**TASK ITEM:** Please transcribe the data exactly as shown, skipping the images.

**SUPPLIED DATA:**

——————————

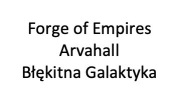 Forge of Empires Arvahall Błękitna Galaktyka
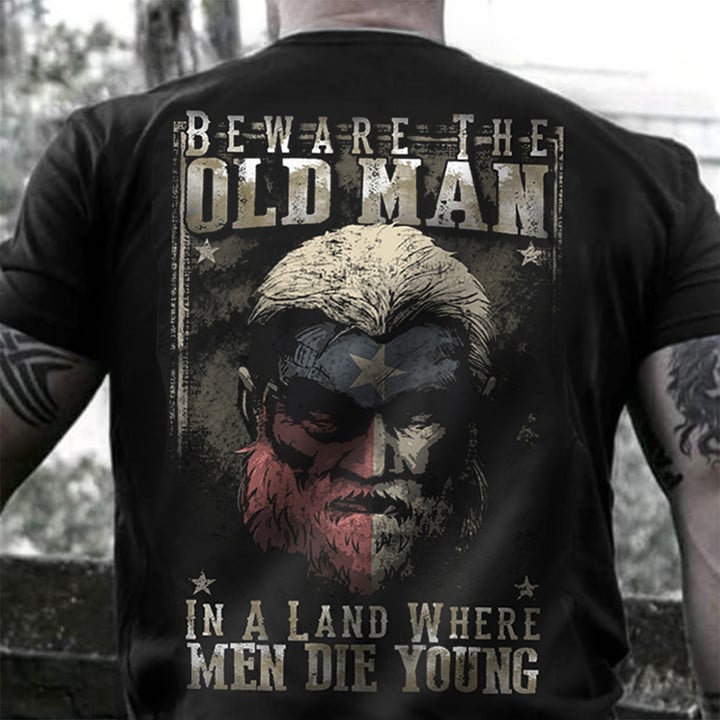 Texas Beware The Old Man In A Land Where Men Die Young Shirt Texas Veteran Patriotic Merch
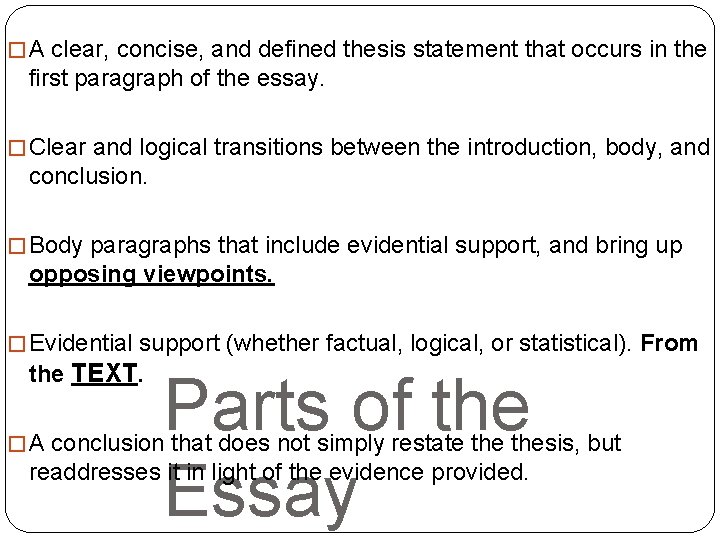� A clear, concise, and defined thesis statement that occurs in the first paragraph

——————————

**SOLUTION FOR THIS PROBLEM:**
 Forge of Empires Arvahall Błękitna Galaktyka
 Texas Beware The Old Man In A Land Where Men Die Young Shirt Texas Veteran Patriotic Merch
� A clear, concise, and defined thesis statement that occurs in the first paragraph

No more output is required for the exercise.